1 Jn.3.22 gives us an incredible promise. We have to pray with the assurance that allows this to be true in our lives. This matter of obedience has to be a constant quest in our lives, but we have to live knowing that we live in a spirit of obedience, too.

Ro.8.9 tells you what your state is. Your state is a state of obedience. The Holy Spirit in you urges you to obey. He directs you to do what God wants. You KNOW if you’re not doing what God wants- there is no question of that- and why? Because of the Holy Spirit in you! Do not discount the Spirit you’ve been given.

How does this translate into our lives? How do we go about obeying the commandments of Jesus? I was thinking of this and happened to open my Bible to an interesting passage:

John 5.8- read in the context- “rise, take up your bed, and walk”- how do I obey that? This is what true study of the Word is all about. How does this passage apply to me? Jesus has touched me and healed by Him, have I not? So, I need to do this, too. What is my bed? What is a bed? It is a place of rest; also, it is a place of retreat. People, hiding from life, retreat to their beds. Jesus instructs me to take my rest, but when I’m done, to get up and get going. He tells me not to retreat to inactivity or the state of the ill, if I’m not ill or incapacitated. He tells me to get going, in faith, as this man was urged, indeed commanded, to do.
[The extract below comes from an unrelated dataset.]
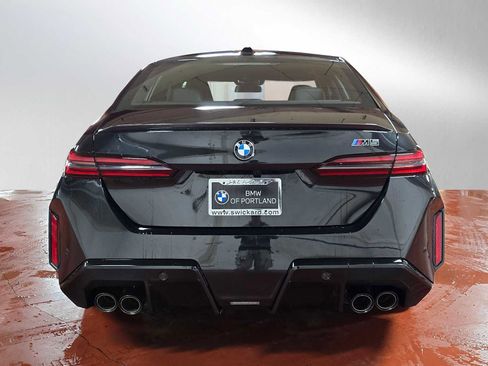 New 2026 BMW M5 w/ Carbon Package image 4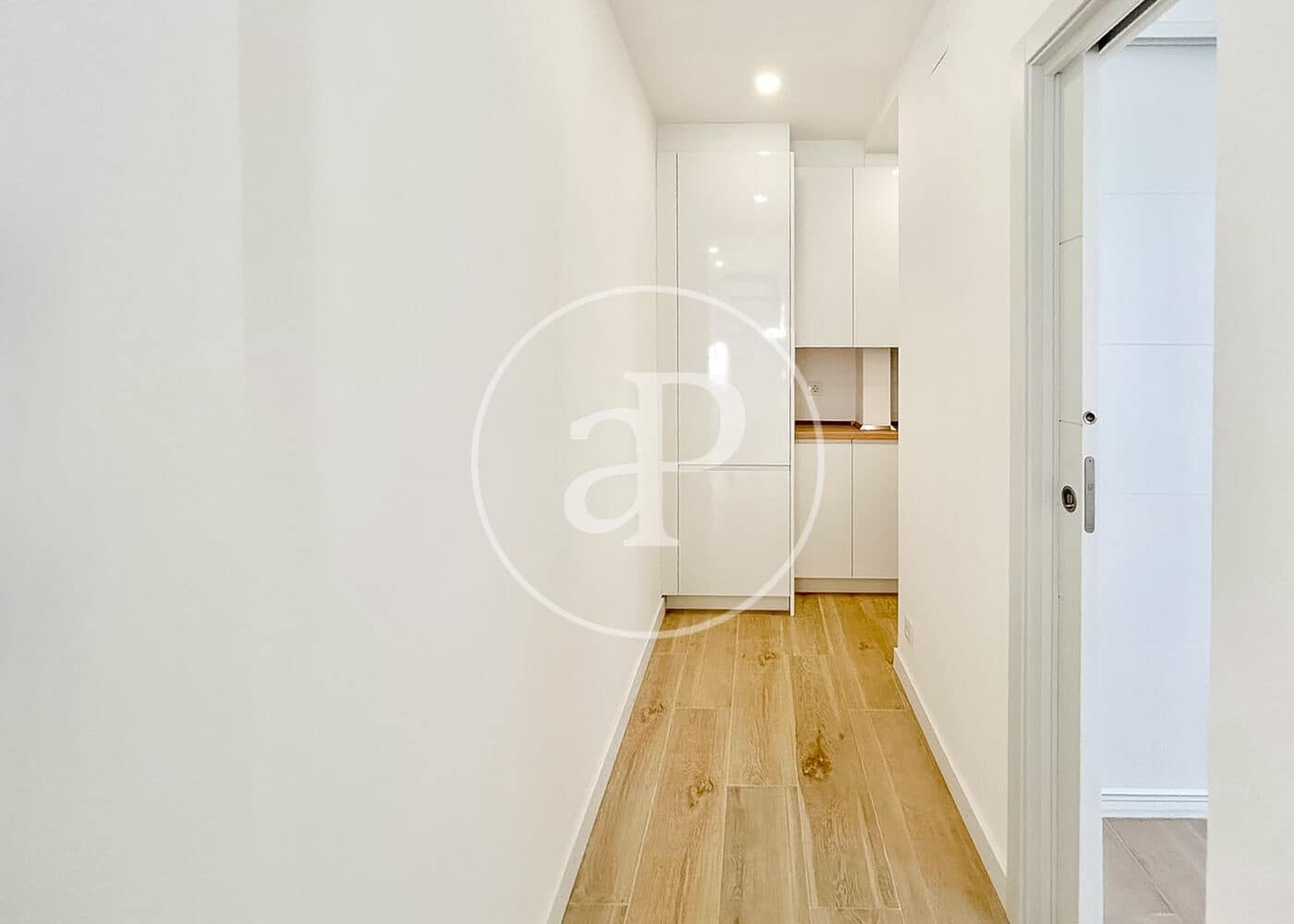 2 makuuhuone Huoneisto myytävänä paikassa Madrid kaupunki - 370 000 € (Ref: 9984998)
If I want to worship God, offering my life as a living and complete sacrifice, I will take this as a command of Jesus, which it is, and will apply it in my life.

How about v.14, in this same chapter? Here is a command to not sin anymore. Again, Christ has touched me. I’m to stop sinning. This is a command that I need to pray about and ask guidance and help about. If there are corners of my life, that have sin in them, then I need to allow them to be purged, as I pursue a life of worship and obedience. If I am really bowing my life before God, then I’ll take this seriously.

We can follow the same approach toward anything Jesus said. His words offer us instruction and commandments. His life offers us the pattern we are to set free in our lives, so that Jesus is seen through us. To study His life and words will give us more than enough for us to be doing, in our lives of obedience.

Conclusion

Through the atonement of Christ, we are enabled to obey. There is no sense, anywhere in scripture, that we are free, now that we’re in Christ, to simply do ‘whatever’. Bounds says, “Implicit and perfect obedience is the state to which the man of prayer is called.” As praying and worshipping children of God, sacrificing our all each day, we live in obedience. Obedience is the way we offer our lives as living sacrifices. This is not a legalistic obedience to written codes. This is obedience in following the lead of the Holy Spirit who is active and alive in us. Without His being there, we would be reduced to needing a written code. We don’t need such anymore. From writings, we learn, without question, but the Holy Spirit leads us, even without such a written code. Trust the Spirit in you. And live, free and obedient to God, Jesus, and the Spirit. They are completely united in their leadership.

How can we offer God proper worship, daily, all day long? We do it through being sacrificial in our lives- through giving everything to Him. We do it through trusting Him to have done what Jesus said would be done in giving the Helper, the Holy Spirit, to live in us. He will lead us- in fact, does lead us- to obey, and through obedience, to worship every hour of every day.